Fail-safe by design: an unrecognized program is treated as arbitrary execution, and
multi-mode tools map to their most security-salient common effect (`git` → network,
`docker`/`npm`/`make` → exec, `apt`/`mount` → privileged). All re-exported at the
crate root.
## [0.3.0] - 2026-06-02
### Added
- **Pluggable tokenizer**: `tokens::evaluate_with` and `rank_with` accept any
`Fn(&str) -> usize`, so a host can flow its own exact tokenizer through the cost
model instead of the built-in heuristic/BPEs.

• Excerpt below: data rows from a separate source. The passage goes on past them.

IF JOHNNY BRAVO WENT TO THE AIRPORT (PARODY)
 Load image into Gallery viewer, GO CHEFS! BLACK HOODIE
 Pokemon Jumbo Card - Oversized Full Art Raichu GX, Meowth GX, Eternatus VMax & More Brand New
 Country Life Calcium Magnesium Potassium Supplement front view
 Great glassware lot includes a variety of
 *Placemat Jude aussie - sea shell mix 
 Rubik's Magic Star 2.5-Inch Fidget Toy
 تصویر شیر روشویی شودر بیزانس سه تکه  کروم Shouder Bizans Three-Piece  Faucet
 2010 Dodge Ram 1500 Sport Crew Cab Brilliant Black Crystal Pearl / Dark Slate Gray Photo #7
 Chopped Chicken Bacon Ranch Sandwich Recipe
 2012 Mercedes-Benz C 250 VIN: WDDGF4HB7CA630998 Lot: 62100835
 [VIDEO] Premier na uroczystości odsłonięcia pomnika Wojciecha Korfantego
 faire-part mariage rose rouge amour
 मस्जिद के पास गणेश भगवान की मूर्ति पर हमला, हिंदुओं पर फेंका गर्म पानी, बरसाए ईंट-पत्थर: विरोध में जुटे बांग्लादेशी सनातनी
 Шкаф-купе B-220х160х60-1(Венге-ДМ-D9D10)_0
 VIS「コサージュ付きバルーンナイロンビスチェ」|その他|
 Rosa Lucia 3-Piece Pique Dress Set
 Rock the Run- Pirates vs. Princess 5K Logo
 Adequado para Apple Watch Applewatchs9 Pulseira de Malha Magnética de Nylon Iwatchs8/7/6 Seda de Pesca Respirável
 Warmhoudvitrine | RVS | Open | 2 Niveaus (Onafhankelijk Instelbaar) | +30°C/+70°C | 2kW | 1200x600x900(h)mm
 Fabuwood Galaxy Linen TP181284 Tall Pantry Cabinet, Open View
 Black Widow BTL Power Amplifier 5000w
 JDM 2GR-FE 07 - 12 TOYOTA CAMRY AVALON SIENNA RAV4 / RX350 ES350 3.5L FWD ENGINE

- `AgentCost::total_standing_per_turn` — the no-prompt-caching cost model (standing
context re-sent every turn), complementing the caching-amortized `total_over`.
- `safety::assess_safety_named` — score safety from operation names plus a classifier
closure (unknowns skipped).
- Release hardening: `#![forbid(unsafe_code)]`, `#![deny(missing_docs)]` (every public
item is documented), full `Cargo.toml` metadata (`readme`, `documentation`,
`rust-version`, docs.rs all-features), and a crate CHANGELOG.
## [0.2.0] - 2026-06-02
### Added
- Crate-root re-exports of the most-used types (`Model`, `Program`, `AgentCost`,
`Effect`, `Mode`, `assess_*`, …).
- `Display` for every report type (`AgentCost`, `Comparison`, `DeterminismReport`,
`ReliabilityReport`, `SafetyReport`, `Evaluation`).
- Optional `serde` feature deriving `Serialize` on all report/config types.
- `Model::from_name` (CLI/config parsing), `tokens::rank` (N-way comparison),
`Evaluation` `with_*` builders, `safety::Effect::from_name`.
### Changed
- The heuristic tokenizer splits `snake_case` subwords (`file_read` ≈ 2 tokens).
- Corrected the `AnthropicClaude` model docs to state it is a heuristic approximation
(no public offline Claude tokenizer), not a "calibrated" estimate.
## [0.1.0] - 2026-06-01
### Added
- Initial release. Four-axis evaluation of programs for agentic AI use:
**token efficiency** (`tokens`), **determinism** (`determinism`), **reliability**
(`reliability`), and **safety** (`safety`), plus a combined `Evaluation`.
- Token counting under OpenAI GPT-4 (`cl100k`) and GPT-4o (`o200k`) — exact with
`--features real-tokens`, a documented Anthropic-Claude approximation, and a
labeled heuristic otherwise. Execution-agnostic; zero heavy deps by default.